The benefit of this method is that the groups which exist with very polarised views can be brought to the table, without having to compromise their commitment to the solution they want to see. All they are asked to agree upon is what the range of futures could look like and who the winners and losers might be. The process is not about picking a favourite, but the process itself brings new understanding and empathy between different people and groups.
Scenario planning would bring together the citizens who make up the Assembly with other representatives of Scotland’s ecosystem, such as businesses, civil society groups and others, in a way which reduces the likelihood of the future narratives of the most powerful in society being the ones that are most privileged. Like other deliberative methods such as public dialogue or citizens’ juries, it draws in experts to inform the materials presented – indeed, Assembly members could be involved in selecting the experts they want to hear from, as has already happened in some citizens’ juries. At the heart of the practice, however, is shared discussion of what could happen, rather than what we want to happen. This means everyone has equal voice and makes it more likely that innovative solutions will be proposed.
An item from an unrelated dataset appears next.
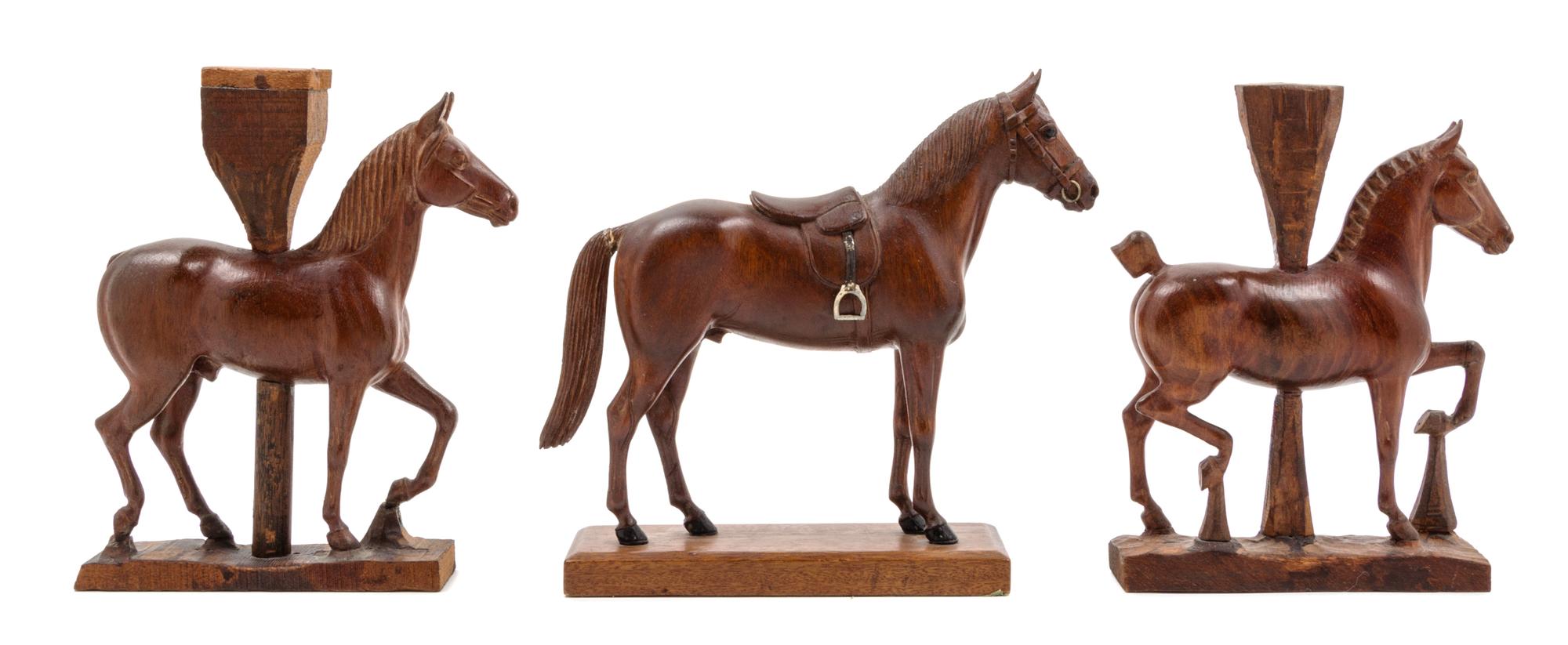Three Carved Wood Horse Figures Height of tallest 9 inches. — ATTRIBUTED TO PETER GIBA, 20TH CENTURY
Technology’s time has come
Technology also holds out huge opportunities for the Assembly, making it easier for people to understand and participate in, and potentially more fun. While running the Assembly online wouldn’t be a recommended approach, technology could be used to enhance and widen the Assembly’s deliberations in a number of ways, such as by making mass predictions about Scotland’s future by collecting citizens’ opinions on the potential likelihood and impact of future events, or through online testing allowing the Assembly to see how large numbers of Scotland’s citizens respond to different ideas they generate. Done properly, this could give the participants of the Citizen’s Assembly unprecedented live insights into different futures and how citizens respond to different ideas generated by the Assembly.
Harnessing existing knowledge around participation and futures
An initial step for those planning the Citizens’ Assembly will be to draw together a range of experts who not only know about public engagement and public policy but who can help shape ‘participatory futures’ methods. For example, Nesta has recently launched a project to define and collate examples of this new discipline. At Ipsos MORI we are increasingly bringing scenario planning approaches into dialogues between citizens and stakeholders, and are often asked to engage the public on futures topics, ranging from smart cities to the future of genomics.
It may be an uncertain time for Scotland’s and the wider UK’s future, but it’s an optimistic time for citizen participation. One challenge for the Citizens’ Assembly should be to use future focused techniques, aided by technology, to convene greater numbers and a greater diversity of citizens, and to engage them in ways which make sure that the voice of each is heard. The challenge for Scotland’s policymakers, in turn, will be to consider and act on the Assembly’s recommendations.
Note 1: Kahane, A. Transformative Scenario Planning: Working Together to Change the Future, Berrett-Koehler, 2012.